» Data extracts:

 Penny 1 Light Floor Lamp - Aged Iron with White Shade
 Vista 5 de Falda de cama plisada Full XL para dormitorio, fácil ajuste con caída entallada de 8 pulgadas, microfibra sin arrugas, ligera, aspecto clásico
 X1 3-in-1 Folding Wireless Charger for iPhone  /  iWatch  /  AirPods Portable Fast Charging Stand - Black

==

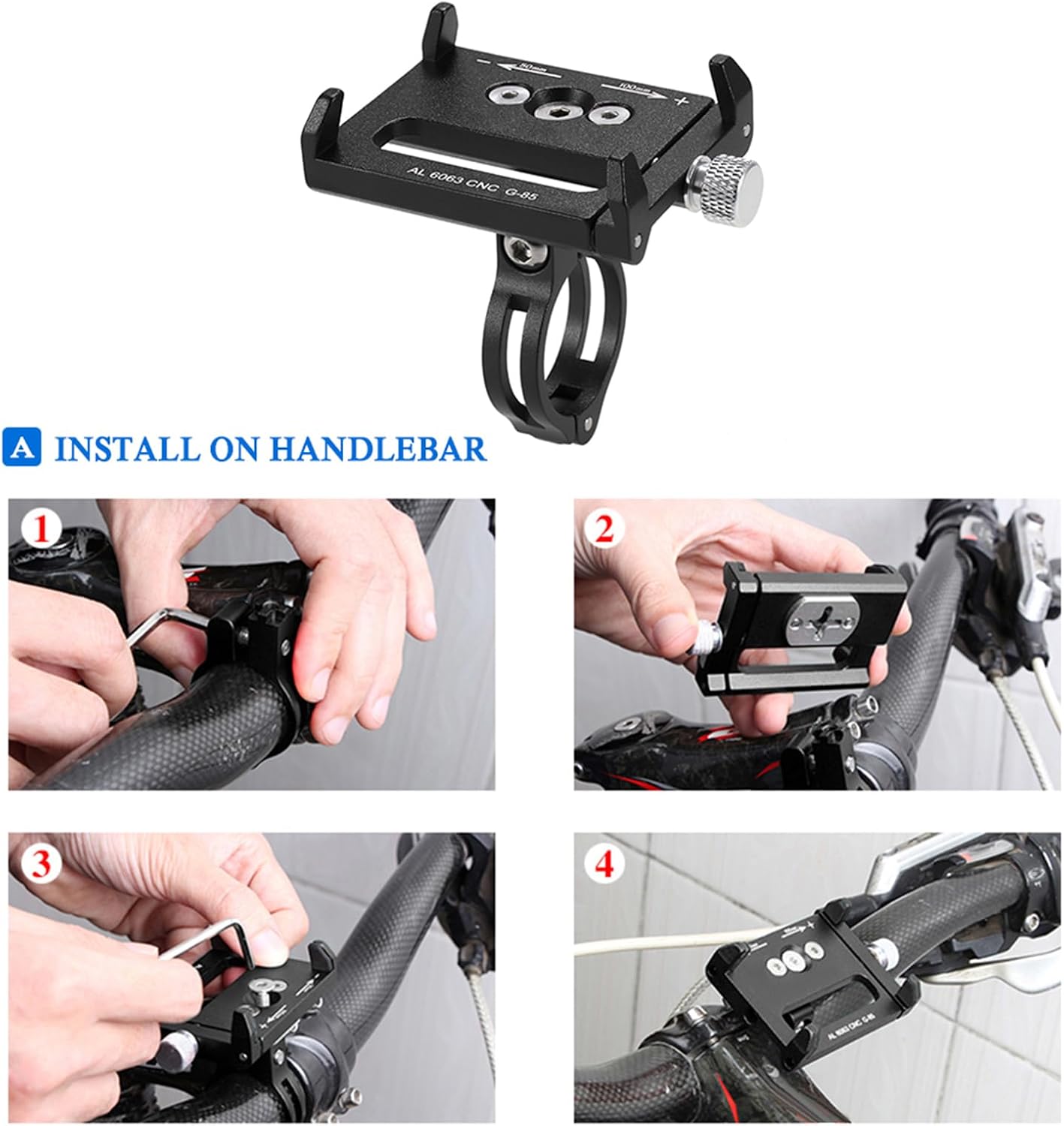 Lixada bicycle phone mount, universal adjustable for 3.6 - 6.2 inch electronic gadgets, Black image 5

» Problem to work on: Word for word, restate the lines of the data above that fall between the line holding "Vista 5 de Falda" and the line holding "X1 3-in-1 Folding", inclusive, and no other lines.

» Answer section:
 Vista 5 de Falda de cama plisada Full XL para dormitorio, fácil ajuste con caída entallada de 8 pulgadas, microfibra sin arrugas, ligera, aspecto clásico
 X1 3-in-1 Folding Wireless Charger for iPhone  /  iWatch  /  AirPods Portable Fast Charging Stand - Black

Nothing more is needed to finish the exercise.